Fionn Regan – The Bunkhouse Vol. 1: Anchor Black Tattoo
On Fionn Regan’s previous album, 100 Acres of Sycamore, many of the songs were modular. One basic block of often complex music was repeated usually twice, sometimes three times. The result was that the songs often built up in intensity, which was then released only to build up again. The effect was mesmerising, notably in ‘The Lake District’ with its ending, “Marry Me, In a Registry, Like A Foreign Film Scene”. Like 100 Acres, Fionn Regan’s new album, The Bunkhouse Vol. 1: Anchor Black Tattoo, is no exercise in verse, chorus, verse, chorus. But here, the structure is more like his earliest work.

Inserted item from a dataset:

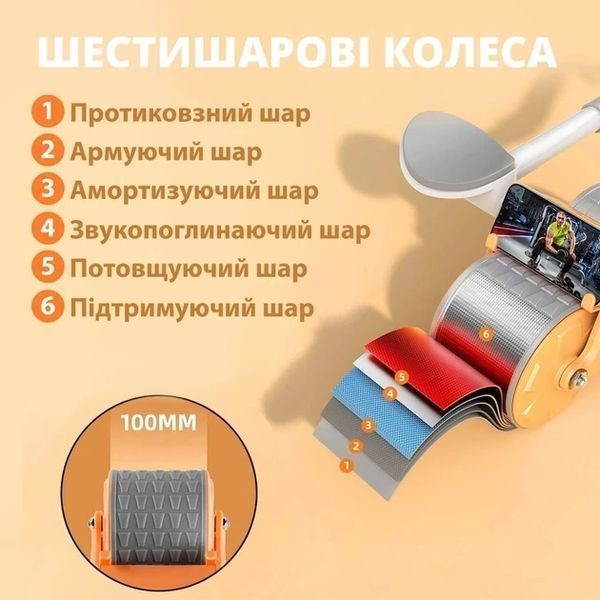 Автоматичний тренажер для живота, коліщатко для живота з подушечкою для пушапа,WHEEL 2019162922 фото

Stream of consciousness songs. They just sort of go places. Nice-sounding places to be sure. But there’s no systematic build up and release of tension. And The Bunkhouse doesn’t sound like 100 Acres either. The innovation there was the gentle orchestration. Understated, but transformative. Here, it’s just Fionn and an acoustic guitar. The beauty of 100 Acres (a big EHL) was how the orchestration accentuated the melodies. They were lovely songs and they were made to sound beautiful. On The Bunkhouse there are songs that probably could have been made to sound like 100 Acres, but here they’re presented more plainly. A good example is ‘Mizen to Malin’. On 100 Acres this would have been a dramatic piece. You’d really feel the waves “doubling in size”. Here, perhaps because 100 Acres set the precedent, the sound feels slightly lonely. Yet what both albums, and all Fionn Regan albums, have in common are the lyrics. Along with people like Sam Beam, Kurt Wagner and Conor O’Brien, Fionn Regan is one of the best lyricists around. He can tell a poignant story, “From the sticks to the big smoke, She looked out the window barely spoke” on Midnight Ferry Crossing. He also does impressionism. ‘The wind it blew the slates off, Your prayers float through the foxglove, Grip the iron bedpost quickly’. This is The Bunkhouse Vol. 1. With luck, Vol. 2 will follow quickly.